Warren, 28, is accused of shooting and killing Dominique Thomas and wounding another man July 1 outside Julian’s restaurant on Pioneer Street in Goodyear Heights. A woman in the car with Thomas and the other man ducked and was unharmed.

Warren’s trial before Summit County Common Pleas Judge Alison Breaux lasted a week and concluded Tuesday afternoon. Jurors announced they had a verdict at 3:45 p.m. Wednesday.

The shooting was captured on surveillance videos.

Warren testified that he shot Thomas, 31, because they had a long-standing feud and Thomas had shot him in the past and threatened him. He said when Thomas got out of a vehicle in the restaurant’s parking lot, he saw that Thomas had a gun and reached for it, so Warren started shooting.

Prosecutors, however, said Thomas’ gun, which he dropped during the shooting, wasn’t visible in the video.

Bryan Darshawn Esters, 28, of Akron, a second man indicted on murder and other charges in the Thomas shooting, remains at large. Surveillance video shows Esters firing shots and chasing Thomas around his vehicle and then shooting him while he was on the ground.

John Greven, Warren’s attorney, told jurors that his client was guilty of three more minor charges against him — carrying a concealed weapon, escape and having a weapon under disability, which means he wasn’t permitted to carry a firearm because of a previous conviction. He argued Warren should be acquitted of murder and felonious assault because he acted in self-defense.
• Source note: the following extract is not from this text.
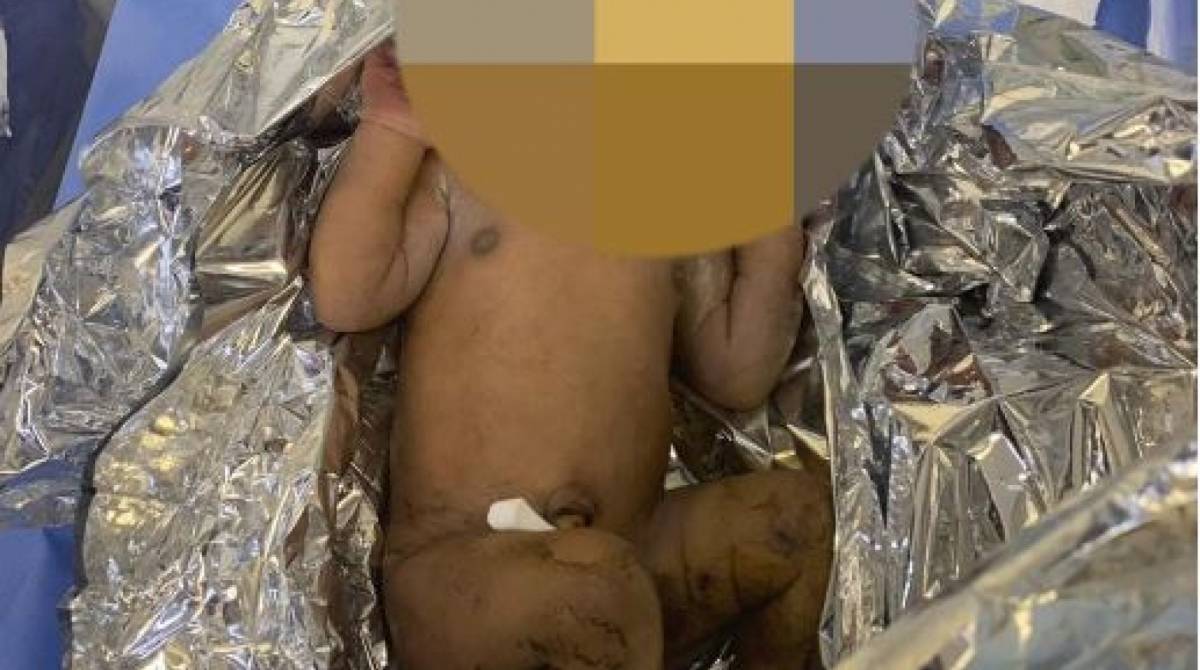 Bebê estava enrolada em plástico numa rua de Santa Cruz - Reprodução/WhatsApp O Dia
“This was a guy who was reasonably in fear he was going to get shot,” Greven said in his closing argument.

Assistant Prosecutor Brian Stano, however, said Warren’s claims that Thomas shot and threatened him don’t justify killing Thomas.

“He decided that whatever was going on merited a death sentence,” Stano said. “This was not self-defense. It was payback, revenge or him deciding, ‘I’ve had enough of this guy.’ ”

Assistant Prosecutor Jay Cole told jurors, “We don’t live in the Wild Wild West.”

Jurors found Warren guilty of two counts of murder — under different parts of state law — and two counts of felonious assault, with gun specifications attached to all of the charges. They also convicted Warren of the three charges he and his attorney admitted he committed.

Greven said he and Warren are disappointed but respect the verdict.

Family members for both Thomas and Warren, many who sat through the entire trial, were emotional during the trial and the verdict reading.

“It’s sad,” said Rita Warren, Andre’s mother. “Even with what was presented, I don’t think the state proved it — at all.”

Thomas’ family declined to comment while leaving the courthouse.

A 43-year-old Akron man who served on the jury and asked not to be named said he and the other jurors thought Warren had time to leave when he saw Thomas exit the vehicle, rather than shoot him.

“He had had the opportunity to remove himself,” said the juror, who changed his mind on the verdicts during deliberations.